The bill also stops the Administration’s refusal to follow the Supreme Court decision on student loan cancellation.  Within hours of the Supreme Court ruling, the Administration began rolling out one initiative after another to subvert the highest court in the land. 

This bill protects the hard-working American middle class from the largest bailout of student loans in American history, a bailout so large that new estimates from the Congressional Budget Office show an annual deficit of nearly two trillion dollars. It is not radical to believe that when you take out a loan, you should have to pay it back. 

The Administration’s executive orders to insert divisive social policy into every agency and program have brought us to this point. Government agencies have steered away from their core missions and are engaging in controversial social issues. 

Health centers should focus on proving healthcare and schools should focus on educating students, not signing people up to vote or fighting so-called climate change.

Foster care placements shouldn’t be delayed for the purpose of advancing a social agenda. If the Administration did not view the executive branch as an agent of a political campaign, I acknowledge, some of these provisions would not be necessary. 

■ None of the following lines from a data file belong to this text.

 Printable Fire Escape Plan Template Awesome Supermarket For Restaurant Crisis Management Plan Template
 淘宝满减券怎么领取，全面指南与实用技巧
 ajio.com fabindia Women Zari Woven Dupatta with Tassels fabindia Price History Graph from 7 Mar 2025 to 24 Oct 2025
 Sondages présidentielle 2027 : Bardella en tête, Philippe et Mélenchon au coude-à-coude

Now let’s talk about what the bill does do.  The bill puts workers first by ensuring businesses can stay open.  We protect farmers from a Labor Department determined to close small family-owned farms across the nation, with regulation after regulation, that are having a disastrous effect on our ranchers and growers. 

We protect workers from a rule that would eliminate freelance opportunities for 64 million American men, women, seniors, and others balancing work with family responsibilities. We protect frontline workers from dangerous National Labor Relations Board regulations that would cost more than 375 thousand jobs. 

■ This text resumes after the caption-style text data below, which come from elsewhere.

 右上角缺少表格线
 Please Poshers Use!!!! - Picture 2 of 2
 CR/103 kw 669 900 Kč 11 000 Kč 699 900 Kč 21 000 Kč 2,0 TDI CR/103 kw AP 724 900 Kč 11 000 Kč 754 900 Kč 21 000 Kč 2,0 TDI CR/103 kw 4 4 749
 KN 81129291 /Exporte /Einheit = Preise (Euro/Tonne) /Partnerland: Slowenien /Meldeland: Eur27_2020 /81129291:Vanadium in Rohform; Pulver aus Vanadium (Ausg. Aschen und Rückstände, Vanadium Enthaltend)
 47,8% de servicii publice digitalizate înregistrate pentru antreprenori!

We maintain the Federal investment in the world’s premier biomedical institution – the National Institutes of Health.  With China’s determination to outpace American innovation, we cannot lose ground on basic research. 

We include a proposal to modify the structure of the NIH to achieve administrative savings and allow more funding to go to lower‑resourced institutions.  Ten percent of the institutions get 75 percent of NIH funding. 

These institutions, in addition to receiving an outsized amount of NIH funding, also have endowments totaling over threequarters of a trillion dollars.  Funding should be more equitably dispersed.  Schools with sizable endowments can bear more of the administrative funding of the grants they receive. 

The bill prioritizes early childhood education and childcare vouchers to support working parents. We support school choice for all students by increasing funding for charter schools. We support the right for girls to play fairly in sports, without the threat of competition from men. 

We continue support for first generation college students, historically black colleges, and Hispanic serving institutions. 

The bill stops federal support for colleges and universities that are allowing antisemitic-fueled vandalism and calls for genocide on their campuses.  I hope my colleagues would agree antisemitism and calls for genocide are not appropriate on colleges and university campuses. 

In closing, I want to thank my fellow subcommittee members and their staff for their hard work and input in crafting this bill. The bill would not be what it is without the input of this entire Committee – Democrats and Republicans.

I also want to especially thank the Labor-H subcommittee staff here today for all of their hard work and dedication to putting this bill together, as well as Emily Goff who is still at home on maternity leave and enjoying her time with her new babies.  We’re so happy for her and her family.

I understand as part of the process, no side can get everything it wants, and we have a challenging road ahead.  Today, there will be many disagreements.  For a bill that touches nearly every aspect of our lives, I would expect nothing less. 

While we may disagree on core issues, I want to remind everyone in this room and watching online that although we may not all agree on how best to achieve our policy goals, we are all Americans, and we all want what is best for our country and our constituents. 

We came here to represent them to the best of our ability and that is exactly what we are doing here today.